Sadiq Khan's first mayoral question time before the London Assembly last year. Image: Getty.

So the Conservatives are planning changes to the way the London Assembly is elected, which would fundamentally affect its make-up. “So what?” you might shrug. “The Assembly is a toothless organisation. What does it matter?” [You think I can’t tell you’re subtweeting me? Ed.]

This would be shortsighted. It’s true that the Assembly’s powers are sorely lacking in its primary mission of scrutinising the mayor – something that even Parliament noticed a few years ago. But the body has evolved around that shortcoming. Assembly Members (AMs) have grown into using soft power to influence policy.

Let’s not scoff at soft power. The mayor himself doesn’t have a lot of hard power: just compare the responsibilities and financial heft of the mayor of London to that of New York. But he uses the position as a bully pulpit to lobby for a better deal. The AMs have evidently taken that on board.

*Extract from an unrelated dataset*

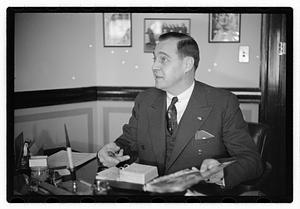 Mr. H. M. Addison Loews Theater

The regular mayor’s Question Time isn’t just an opportunity for AMs to scrutinise the mayor: they use it to put forward their own proposals. MQT is usually dull as ditchwater (as former politics editor for Londonist, I’ve sat through so many I’ve lost count; or possibly my mind has simply blocked them out). But that drip drip drip of policy suggestion has an effect.

I’ll acknowledge that it’s impossible to always track the real impact of soft power. Some examples are obvious: Sadiq Khan’s adoption of the Liberal Democrats’ hopper bus ticket idea is one example of a smaller party’s thinking being adopted by those in power. Others are harder to trace – but if you look, you can spot the signs.

Cycling is one. The Lib Dems and Greens have lobbied hard for cycling ever since the Assembly’s inception in 2000. Lynne Featherstone presented a cycle hire concept to Ken Livingstone back in 2001, and Greens worked to stop Transport for London cutting its £5m cycling budget back in 2002. That’s right: it was just £5m. These days the annual cycling budget is around £150m.

Would that have happened without constant pressure from within the Assembly? Would we be getting investment in mini Holland schemes, the segregated cycle superhighways? It’s impossible to know, but also impossible to think it didn’t help.

These AMs aren’t just turning up once a month to air a few policy concepts, either: they have a staff, able to produce good research. The Greens at City Hall are an industrious bunch, turning out solid reports and crunching data. Being on the assembly releases funding for those reports, which provide a base for the ideas floated by the parties. Take away the AMs, you take away the funding and research.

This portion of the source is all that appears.